### WHAT TO WORK ON:
From the records below, print only the part that opens with the line containing "Certain types of" and closes with the line containing "DETAILED PRODUCT INFO"; omit the pictures.

### THE DATA:
┄┄┄┄┄┄

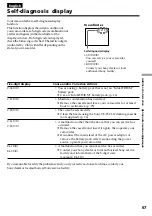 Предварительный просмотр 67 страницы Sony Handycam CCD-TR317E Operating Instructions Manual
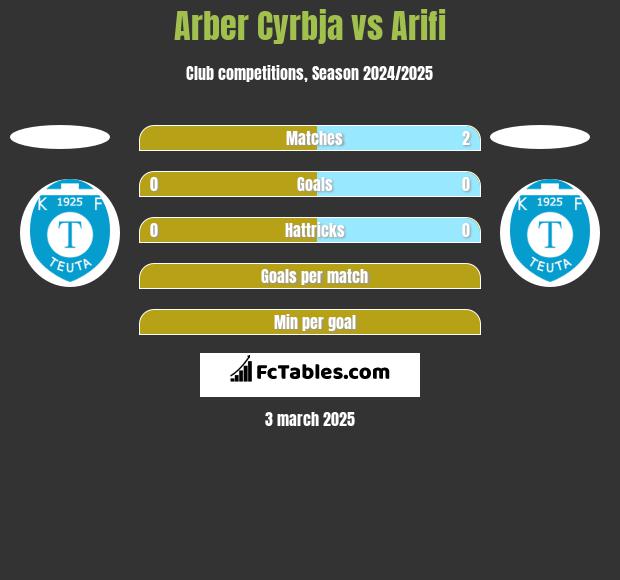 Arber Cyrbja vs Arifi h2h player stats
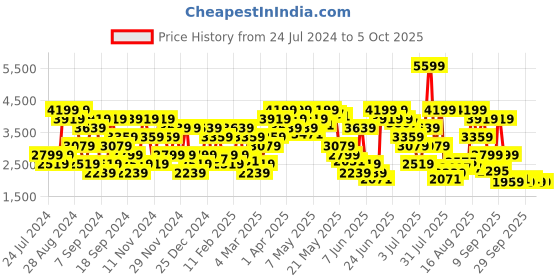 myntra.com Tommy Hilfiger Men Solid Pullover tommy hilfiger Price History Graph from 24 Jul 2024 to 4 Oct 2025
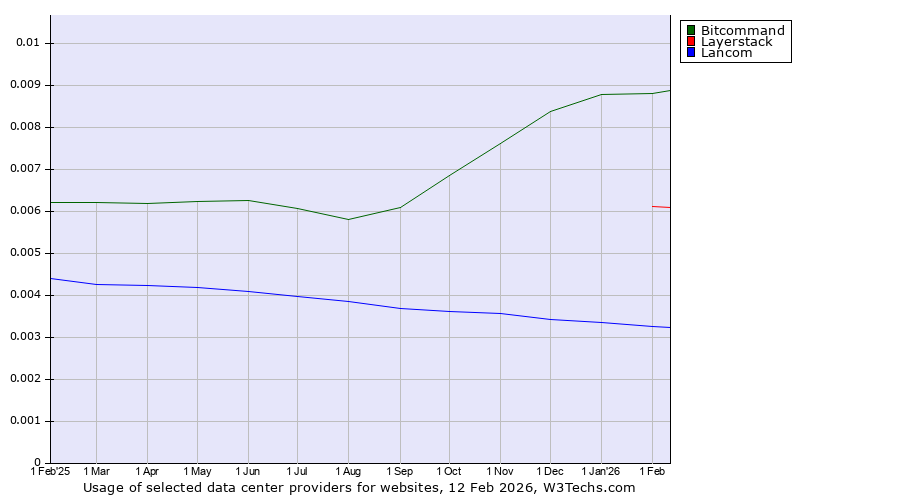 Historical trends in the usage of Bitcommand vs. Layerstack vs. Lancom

┄┄┄┄┄┄

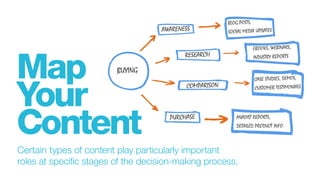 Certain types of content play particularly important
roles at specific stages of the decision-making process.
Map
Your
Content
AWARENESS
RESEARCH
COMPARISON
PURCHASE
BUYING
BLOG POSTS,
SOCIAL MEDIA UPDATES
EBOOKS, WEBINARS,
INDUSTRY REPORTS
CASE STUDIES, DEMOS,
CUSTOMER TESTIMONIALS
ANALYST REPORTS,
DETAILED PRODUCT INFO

┄┄┄┄┄┄

### OUTPUT:
 Certain types of content play particularly important
roles at specific stages of the decision-making process.
Map
Your
Content
AWARENESS
RESEARCH
COMPARISON
PURCHASE
BUYING
BLOG POSTS,
SOCIAL MEDIA UPDATES
EBOOKS, WEBINARS,
INDUSTRY REPORTS
CASE STUDIES, DEMOS,
CUSTOMER TESTIMONIALS
ANALYST REPORTS,
DETAILED PRODUCT INFO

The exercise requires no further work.